We have just seen, for the thousandth time, what these conciliations are worth, which rest only on vague sympathies, and which no principle consolidates.
The conduct that the Provisional Government had to adopt was, however, very simple and ready-made. Resolutely pose the problem of the proletariat; occupy and feed the workers; bring back the bourgeois class; then, while waiting for the National Assembly, maintain the republican status quo; this is what good sense, in harmony with high politics, commanded the Provisional Government.
In such a situation, to preserve everything was to advance.
Well! What was so simple and so wise, uniting to the advantage of common sense the merit of profundity, was understood by no one.

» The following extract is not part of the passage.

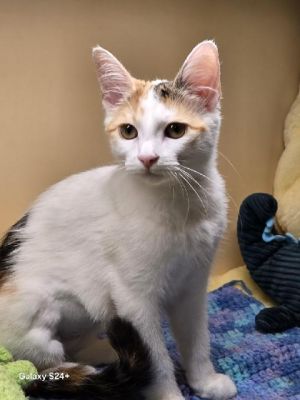 Valentina, Young Female Calico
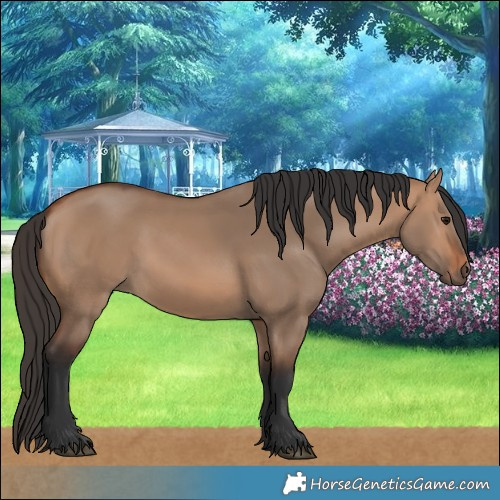 Horse Color:Bay Dun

Scarcely had the mandate, so new to it, to represent the Republic been taken on than the bourgeois part of the provisional government, abandoning itself to its old preoccupations, began to beat a retreat. — For its part, the revolutionary fraction, carried away by the enthusiasm of its memories, completely deluding itself about the power of its means, and keen, as it says, to engage the future, set to work with energy and exclusion. Finally, socialism, not content with having laid down its principle, wanted to move on to application, relying only on itself for the execution of its work.

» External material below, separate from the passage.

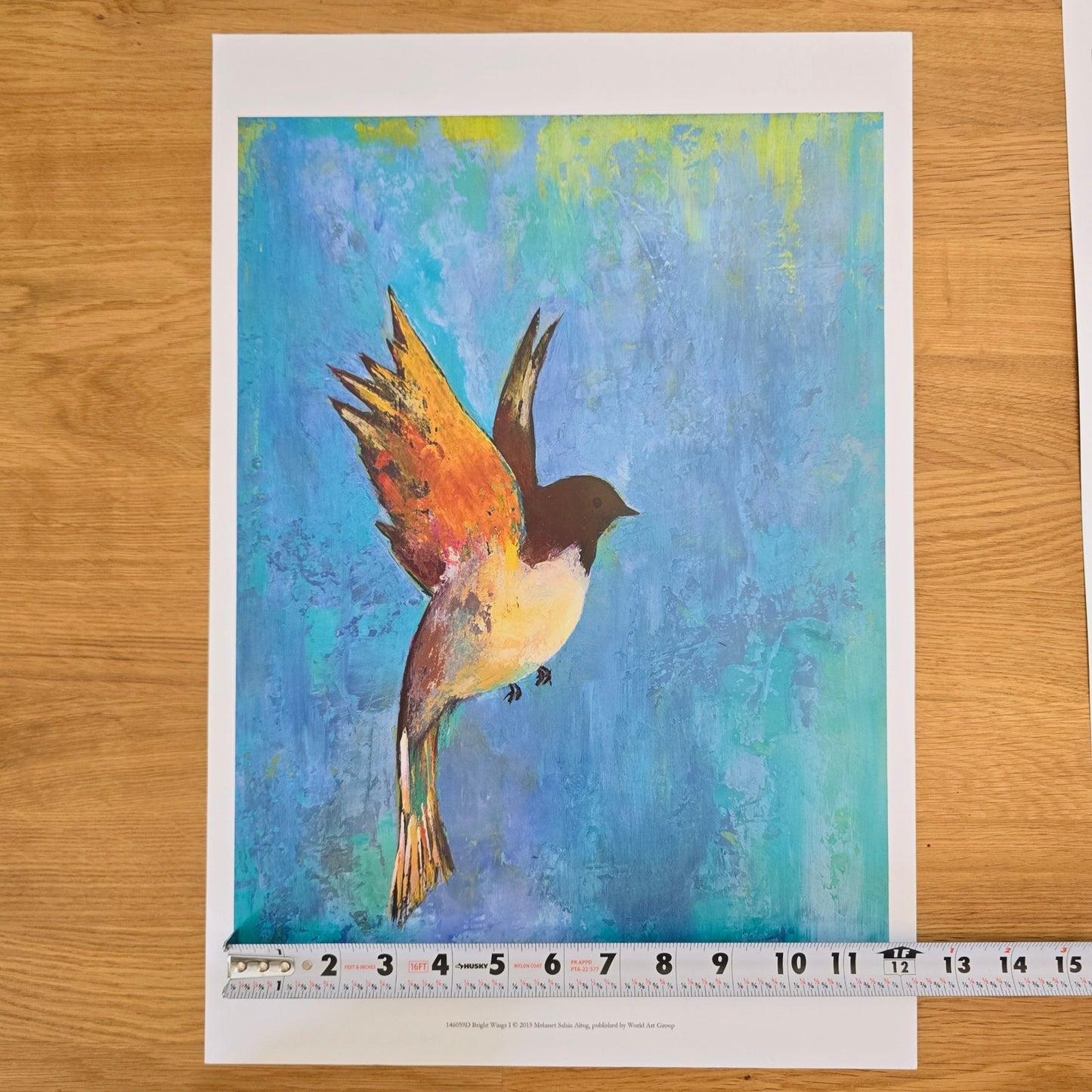 Two 16x12 Bird Art Prints: Bright Wings I & II 2015, Mehmet Sahin Altug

We know what resulted from these tensions. Everything the Provisional Government did from the point of view of the old bourgeoisie was found to be retrograde ; — everything it undertook from the revolutionary point of view was counter-revolutionary; — everything it decreed in the interest of the proletariat was conceived against the interests of the proletariat.
Thus, when the Provisional Government, following the routine of bourgeois economy, opened a loan of 100 millions; when, to prove the solidity of its credit, it paid 50 millions to the rentiers; when it raised the interest of the sums deposited in the savings bank; when it continued the insurance companies, etc., etc., I say that in the presence of the socialist principle, which was to intervene in the law and which did not intervene, the government acted contrary to its right and his duty.

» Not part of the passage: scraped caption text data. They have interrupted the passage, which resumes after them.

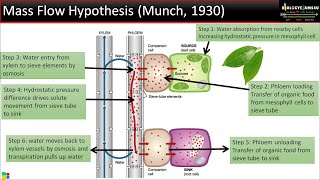 Translocation of Solutes in Plants Mass Flow Hypothesis simplified in 6 steps BiologyExams4u [upl. by Nangatrad502]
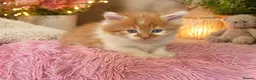 Maine Coon cats for sale: One boy, one girl kittens £150 each in Scunthorpe - Advert 3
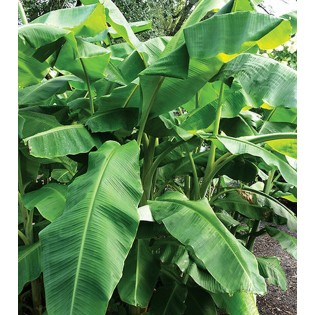 Collection de 6 bananiers rares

Likewise, when the Provisional Government began to write those dictatorial circulars which, in the year 1848, could intimidate only old women; when, being unable to dispose of a crown or a man except under the good pleasure of the departments, it spoke of authority to the departments; when, in the midst of France, republican in mind and heart — but in distrust of the Republic — it invented reaction, counter-revolution, as it was soon to invent the coalition; in all these circumstances, the Provisional Government acted like a sleepwalker. It gave us the spectacle, unique in history, of statesmen playing an old tragedy with ridiculous seriousness. By dint of retrospective radicalism, it has compromised future reforms: I want for proof of this only the electoral law.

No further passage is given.